Belize: Country and Foreign Investment
Economy and Currency
This page was last updated on 14 April 2021.
The Belize dollar (BZ$) has a fixed rate of exchange of BZ$2 to US$1. Most hotels, resorts, restaurants, and tour operators will accept US currency, traveller’s cheques and credit cards. In Belize, be sure you know which dollar you are paying in!
After 1986 the Belizean economy improved dramatically, in part as a result of the government’s adjustment programme. Tourism became a major contributor to growth. Internal reform coincided with the recovery of the world economy, in particular the revival of the sugar market. From 1986 to 1990, the Belizean economy grew at an average annual rate of more than 10% and inflation averaged only 2.8%.
In the early 1990s, regional economic problems and the worldwide recession combined to undermine the economy. A tough austerity programme in 1997 led to an economic slowdown that continued through 1998. The trade deficit grew, mostly as a result of low export prices for sugar and bananas. But the government's expansive monetary and fiscal policies, initiated in September 1998, led to sturdy GDP growth averaging nearly 4% in 1999-2006.

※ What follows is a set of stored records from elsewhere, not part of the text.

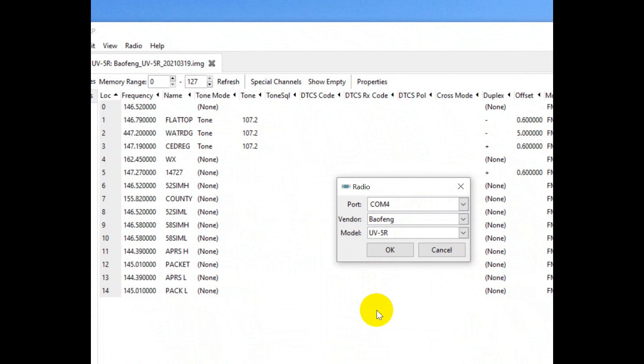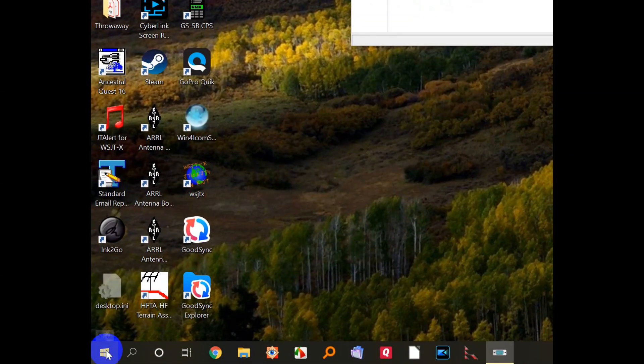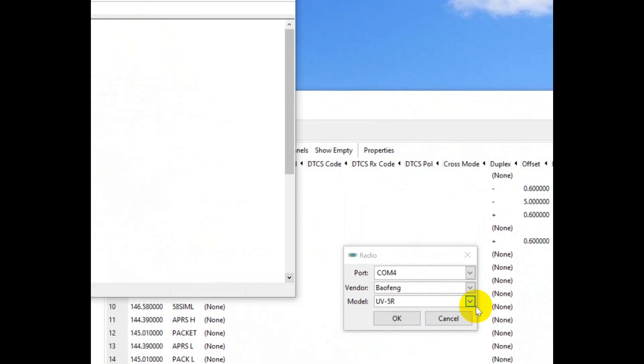That's all there is to finding the port — this is a very simple trick. To review: bring up your CHIRP, plug in your red cable, go down to Device Manager, and look under ports. Pick the one that's the Silicon Labs, which is for the red cable. It may be a Prolific if you're using the programming cable that came with your radio. One thing I would recommend is bring this screen up before you plug in your cable, then plug in your cable and see what pops up — because that's the one that you're going to need right there. And from there, you're ready to go.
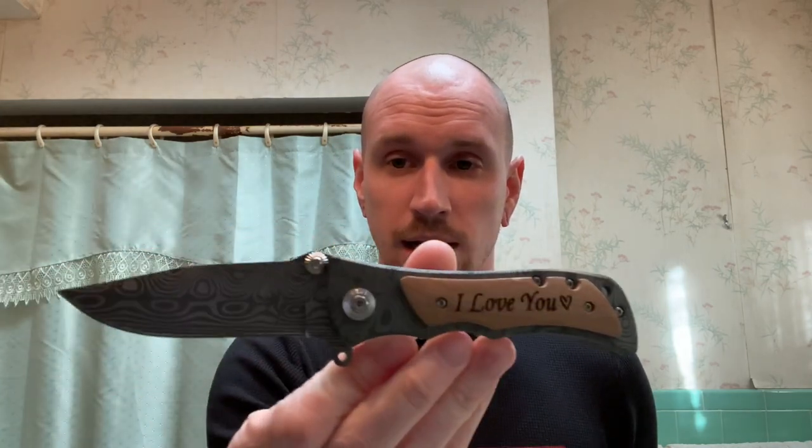I'm also going to open this with a new knife that my girlfriend got me for Valentine's Day — this thing is awesome. I'm not sure of the brand; she got it online and had this nice engraving on it. I use it every day now as my daily carry out of the three knives I use. Anyway, let's open this. Feels nice.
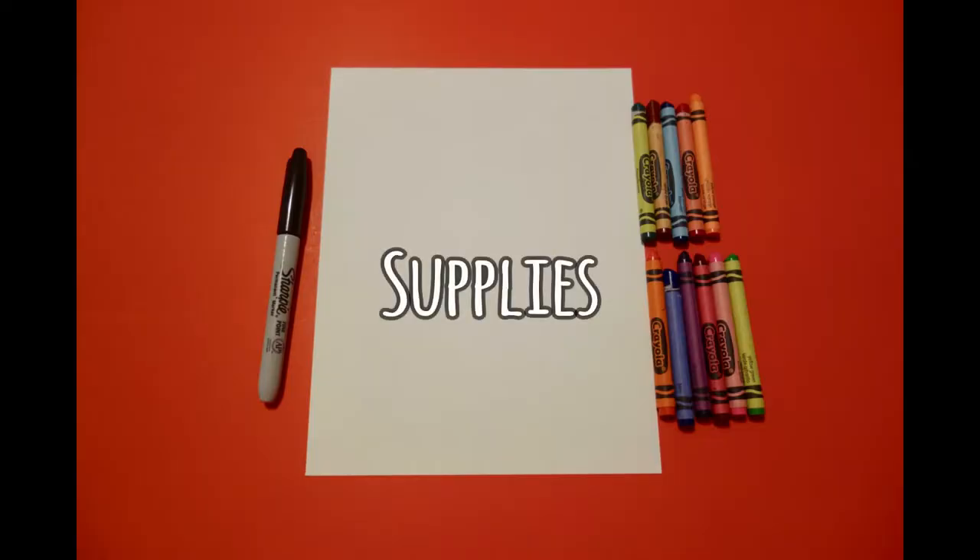Hi, I'm Patty Fernandez and I'm an art teacher. Visit my website at pattyfernandesartist.com. Let's draw. Today's project is how to draw the 13 colonies.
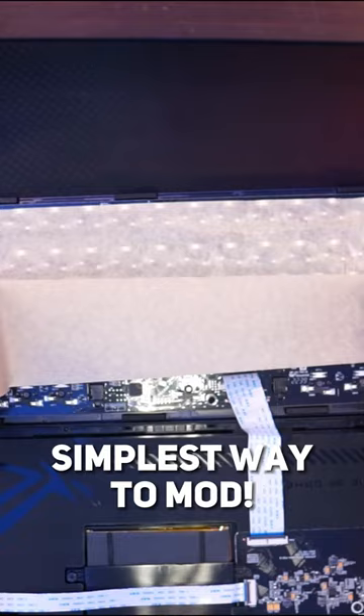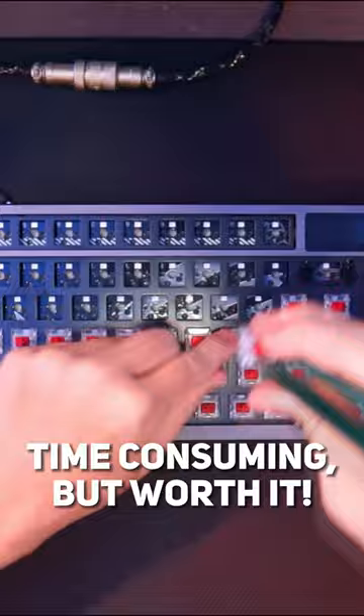First is the tape mod method. Just cut some masking tape and stick them below the PCB. This will make your keyboard sound popier.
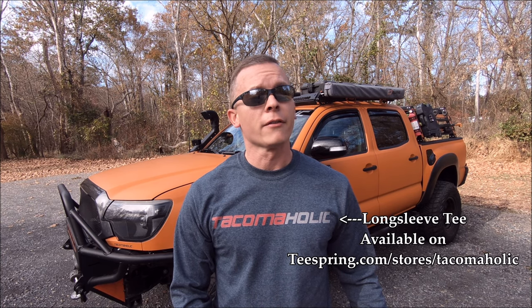Welcome back to the Tacomaholic channel, everybody. If this is your first time stopping by and you love everything Tacoma related, go ahead and subscribe now.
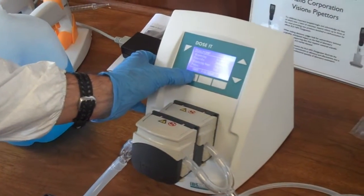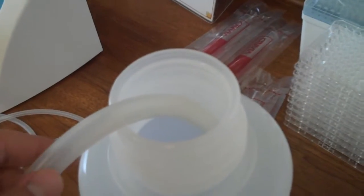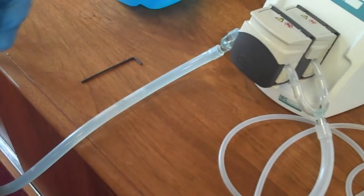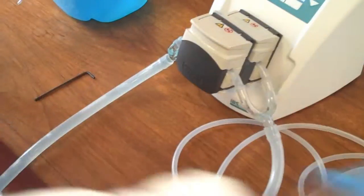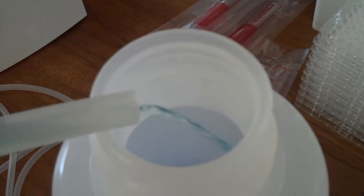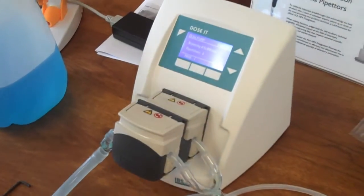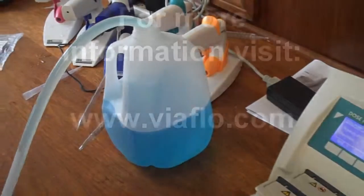So I'm simply going to start that. You can see this is a relatively slow application, a slow pump speed, but it's very gentle and easy. We're delivering liquid now, and we're basically going to add one liter to this large jug. And that's it — very simple, easy to use, and convenient. Thank you.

In August 2006, Prime Minister Said Musa announced that the servicing of the country's debt, which accounted for 90% of its GDP, was "no longer a viable option" on existing terms. Consequently, the government rearranged its debt and announced in February 2007 that it had successfully closed the exchange of its commercial external debt for new bonds due in 2029. The new bonds are denominated in US dollars, and provide for step-up coupons that have been set at 4.25% per annum for the first three years after their issue.
In his 2012 budget speech, Prime Minister and Minister of Finance Dean Barrow said: "The US Dollar bond due 2029 is the single largest debt instrument within the recorded public debt stock, accounting for 46% of the overall recorded public debt and 99% of the external commercial category." He announced that an urgent review on the method of repayment of the 'super bonds' was underway. “We are keenly conscious of the effects of the great recession, a historic downturn from which Belize has not been insulated. The review of our obligations must therefore take into account the realities of the new regional and global economic landscape, as well as the likely impact of the contingent liabilities facing the country,” Mr. Barrow said. A deal was struck to restructure the 'super bonds' in early 2013.
Raw sugar is the top export, with fruit juice second; the banana industry is the country's largest employer. Growth has been hovering around nil frr the last year as the the country has encounted structural problems.
Estimated GDP per capita in 2016 was US$4,320, a slight fall from the level of US$4,467 in 2015. Unemployment stood at 8% at the end of 2016; this represents a dramatic fall from the high of 23.1% in 2011. It must be noted that different methodology was used for the compilation of the statistics which resulted in the difference in the figures. The Statistical Institute of Belize issued explanatory notes on its website in February 2012.